[Stored items]
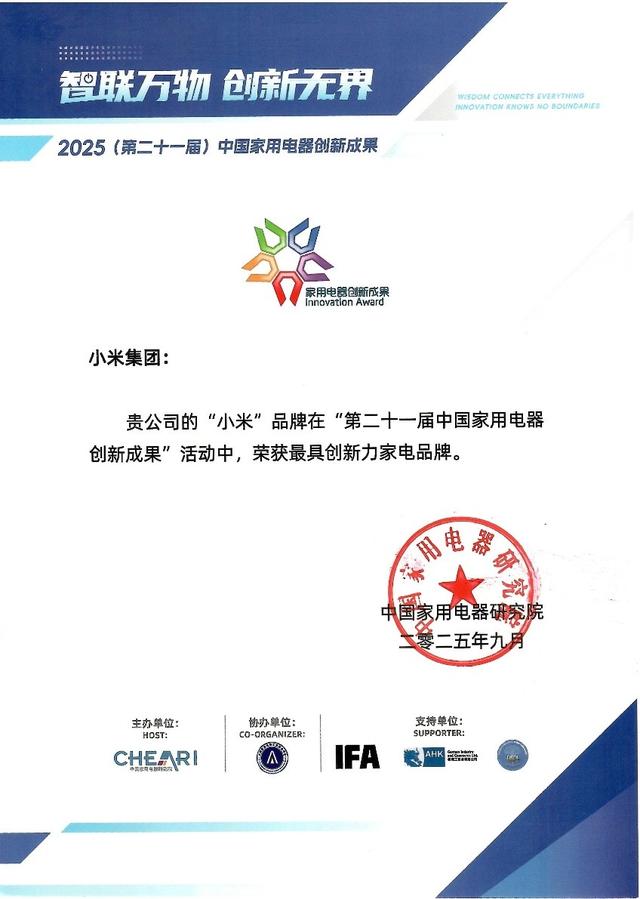 小米荣获 “最具创新力家电品牌”，用科技点亮智能生活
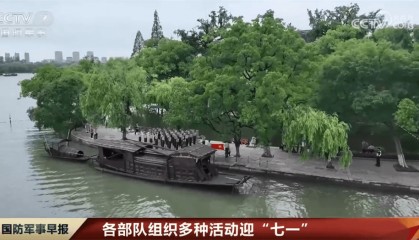 104载风雨兼程,104年波澜壮阔 各部队组织多种活动迎“七一”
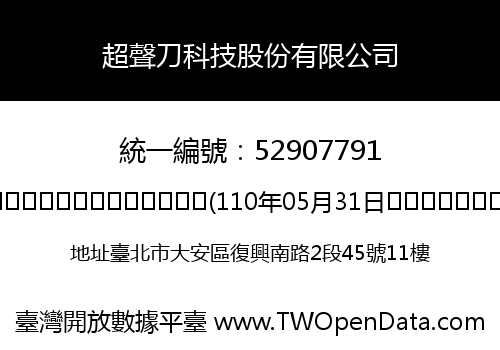 超聲刀科技股份有限公司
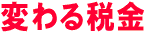 変わる税金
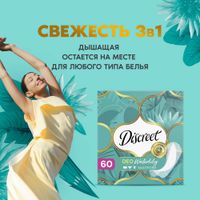 Прокладки ежедневные Deo Water Lily  Multiform Discreet/Дискрит 60шт миниатюра фото №4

Task objective:
The job here is to write out the records exactly, pictures excluded.

Solution for this task:
 小米荣获 “最具创新力家电品牌”，用科技点亮智能生活
 104载风雨兼程,104年波澜壮阔 各部队组织多种活动迎“七一”
 超聲刀科技股份有限公司
 変わる税金
 Прокладки ежедневные Deo Water Lily  Multiform Discreet/Дискрит 60шт миниатюра фото №4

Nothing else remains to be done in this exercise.